Veggie fried rice has quickly become one of my “go-to” recipes. It’s quick, healthy, and pretty darn delicious. Travis and I started eating it fairly regularly for lunches with some leftover grilled chicken or pork on it. Best. Lunch. EVER! Also, really easy to transport since it’s not liquid-y or anything. That’s a good thing since Travis tends to throw his lunch container in his work bag along with everything else important. Anyways, we also eat it as a side dish, which one may argue is probably it’s main purpose. However we do eat it for dinner…as a main dish. I eat it for 7th meal (pregnancy does that to you). We basically eat it nonstop.
I think the best part of this dish is that it’s so simple and so versatile. The vegetables included in this are vegetables that I almost always have and if I don’t I can leave something out or switch it up with something else. The other ingredients in here are staples in my house so I almost never have to get more than 1 or 2 things total for this recipe. And if I do have to get something, it’s easy because it has become one of those recipes that I pretty much have memorized. That’s something that happens rarely for me so it says a lot.
I’ve also gotten my family addicted to this recipe. I’m not sorry that I’m such a good influence on them all. I made it for my sister and brother-in-law who loved it and then they went back home to Ohio where they promptly made it for my parents. My 15-month old niece is a fan. What can I say? It’s a dish for everyone!! Note that the serving of 6 is more for a light meal or side. I heard rumor that for 4 people and a toddler my family might have doubled the recipe and eaten almost all of it for dinner. Just a rumor. I have not verified this officially.

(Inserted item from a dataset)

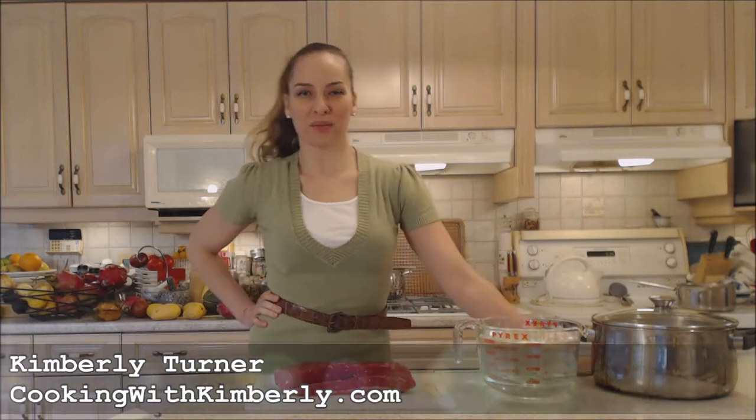Hi everybody, I'm Kimberly Turner from CookingWithKimberly.com and today I'm going to show you how to cook corned beef.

If we get down to business, there is one thing to point out. The rice needs to be refrigerated before using it in the recipe. This just ensures that the rice doesn’t get all sticky and clump together. You can try the recipe with fresh made rice if you’re short on time or a person who doesn’t read directions well. *hint, hint…read directions well first* I find it’s super easy just to make some rice when making dinner the night before I make this then refrigerate it. Also, another note…if you use vegetable broth in place of the water to cook the rice you have MEGA flavor. It’s worth a shot, but I’ve also used water for my rice many a time and it’s still scrumptious.
Veggie Fried Rice
Fried rice packed with vegetables and everything delcious
1 cup diced bell pepper (I used a combination of orange, red, and yellow)
1 cup frozen peas
1 cup frozen corn kernels
1/4 cup + 2 tablespoons soy sauce
1 1/2 tablespoons sesame oil
Heat vegetable oil over medium-high heat in a large skillet or pot. Add the diced carrots, onions, garlic, and ginger. Saute about 3 minutes.

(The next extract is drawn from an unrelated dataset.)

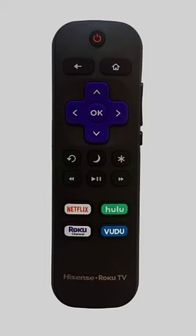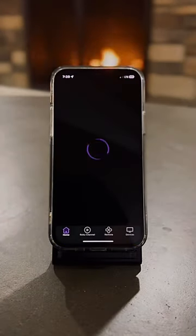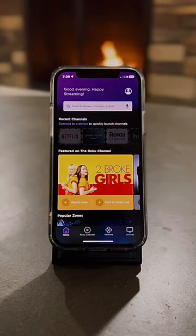Pictured here is the remote that goes into the couch faster than Cheerios and Froot Loops. Download the app on your phone and stop using the Roku remote, because you know it's going to get lost.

Add the broccoli and bell pepper and saute an additional 3-4 minutes, or until the vegetables start to become tender.
In a small bowl, scramble the eggs. Push the vegetables to 1 side of the pan and pour the eggs in to the pan. Stir the eggs until cooked and scrambled.
Add in peas, corn, soy sauce, sesame oil, and brown rice and stir everything together.
Cook until the rice and frozen vegetables are warmed through.
*To get the right amount of brown rice I used just over 1 1/2 cups of dry brown rice with about 3 cups of water. I have used vegetable broth to replace the water for the rice and it was delicious! It works best if the rice is refrigerated overnight or at least for a couple of hours so it doesn't all stick together.